As for making forwarding decisions, this is the latest addition to our networking model. We want systems that can quickly and accurately decide about application-specific issues:
- "Does this data file contain malicious software?"
- "Is this email message spam?"
- "Is this email message a spearphishing attack?"
- "Does this outbound email message contain sensitive information?"
-
"Do this request from a web client
constitute a web-specific attack such as
cross-site scripting,
cross-site request forgery,
SQL injection, PHP injection,
buffer overflow, directory traversal,
or another syntactical or semantic attack?"
...and so on...
These can be enormously difficult questions. Two intelligent and well-motivated people might never agree on whether a specific message should be considered spam, or whether specific message contents were truly sensitive.

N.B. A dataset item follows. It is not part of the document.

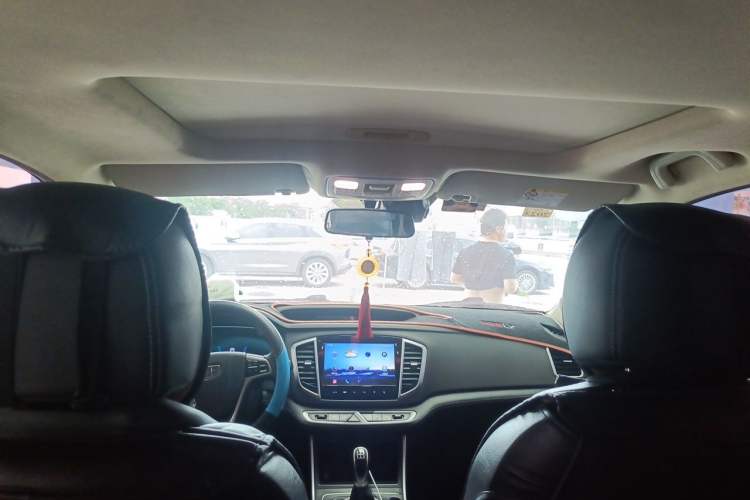 Used Geely Auto Vision X6 2018 1.8L Manual 4G Connect Luxury Edition Headliner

Automated systems will let inappropriate content pass, or block what really was appropriate, or, most likely, commit a mix of both error types.
These tasks require computing resources, to the point that we usually have a dedicated system for each application-layer protocol.
We might say Application-Layer Gateway or Application Proxy as a general term for a device that attempts to regulate connections and messages and data transfers in application-aware ways.
Or, we might use terms more specific to their tasks, such as Malware Detection or AV for Anti-Virus, Spam Filter and Anti-Phishing for email, Data Loss Prevention or DLP to keep sensitive data from leaking, and Web Application Firewall or WAF for the wide range of web-specific threats.
What Really Matters
Here is the result of leaving out unneeded layers and adding in short explanations of what happens and what we call the connecting devices.
7 6 5 |
Application Jobs software programs do |
ALG, AV, Spam filter, DLP, WAF, etc |
4 | Transport UDP: Messages to numbered ports TCP: Connections to numbered ports |
Firewall |
3 | Network Relay packets hop by hop to anywhere by IP address: [netid|hostid] |
Router |
2 | Data Link Send frames to HW/MAC addresses |
Switch |
1 | Physical Send and receive 0 vs 1 bits |
Repeater (link) or hub (star) |
And of course, they keep moving the goalposts!
Software-DefinedNetworking
Software-Defined Networking or SDN allows a device to request a "flow" from the network infrastructure. It could be a TCP connection, or it could be a flow of UDP packets, or it could be just about anything else. The flow request can include Quality of Service or QOS performance metrics, such as bandwidth, latency, latency jitter, and so on. It could include security requirements, to compartmentalize traffic flows and keep sensitive traffic off less-trusted network links. With OpenFlow, the request could be anything you can dream up.
The flow definitions can be based on everything from physical topology up through the Application Layer, as voice and video streaming quality is an application-layer issue.
People working in SDN need to call their highly controllable forwarding boxes something. So, within SDN, switch means an SDN switch, making forwarding decisions at least up through the Transport Layer.